There was one fly in the ointment. This fly—or rather the ointment—was dispensed under the trade name of Old Cordwood, the Peninsula’s favorite whisky—a fantastic blended firewater which gentler souls insisted was the by0product of an avaricious lye works. Buller could drink Old Cordwood as an elephant gulps water. After an interval, however, he would begin to trumpet and wander about like the same elephant looking for mischief. These Old Cordwood bouts generally landed him in the toils of Judge Williams, which usually meant a hurried financial sos to Hungry Hollow or Big Annie or Charlie Jokinen, the Finnish proprietor of Charlie’s Place. Sometimes it even meant an involuntary rest cure in the county jail at Iron Bay. Buller worked hard and played hard. When he could be coaxed into Chippewa to go to work, Danny and the boys would engage in meditation and silent prayer for days.
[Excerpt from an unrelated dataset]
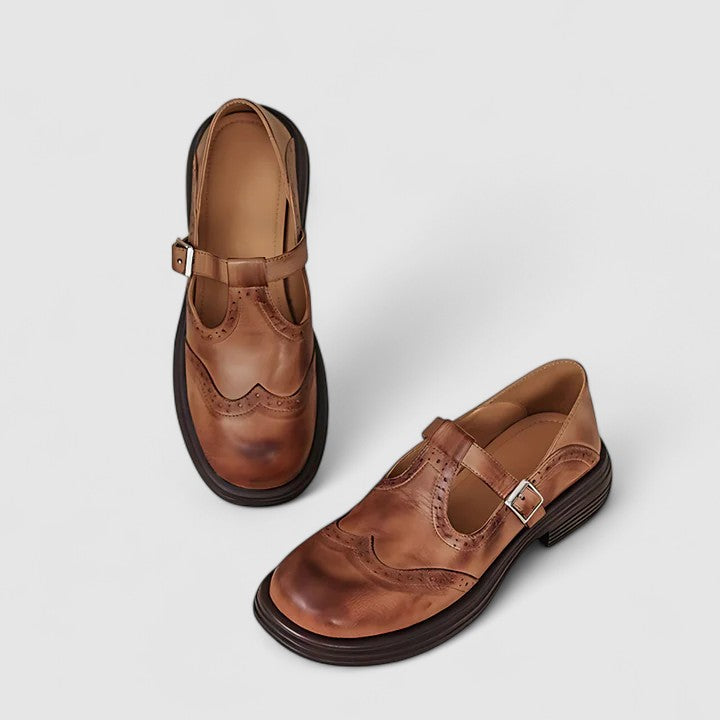 Zapatos ortopédicos de piel con correa en T para mujer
At times Danny and the boys grew vaguely uneasy over their freedom from regular toil. From boyhood on they had been taught to work, to regard it as a sort of social and moral obligation. They had been taught that they had been born to work; unfettered leisure was only the lot of drunkards and fools. When this strange feeling of unease, this curious sense of guilt, grew too oppressive, they usually resolved it by piling into the old Model A Ford which Timmy had miraculously contrived out of odds and ends of other Fords, and rattling into Chippewa for a celebration.
When little Matti Hunginen the Finn moved down from Nestoria and bought this new farm on the road between Chippewa and Hungry Hollow, he could not fathom why Danny and the boys were reluctant to help him with the fall harvest.
“W’at’s matter, you great big lazys!” Matti said. “Why you no help dat Matti wit dat hay an’ potato? You fellas not crippled. I pay you vell—Matti’s no seap-skate. Look, lazy-pones, if you come help it me maybe someday I vill give it you one fine milking cow. W’at you poys really need is fine big cow for dis place—not all dat time drink it moon’ine, moons’ine, moons’ine.”
The prospect of a cow for Hungry Hollow was not to be sneered at. Matti’s offer so disarmed the boys that they gladly went to his farm and stayed until all the fall crops were harvested. Even Danny went, flaring ulcers and all.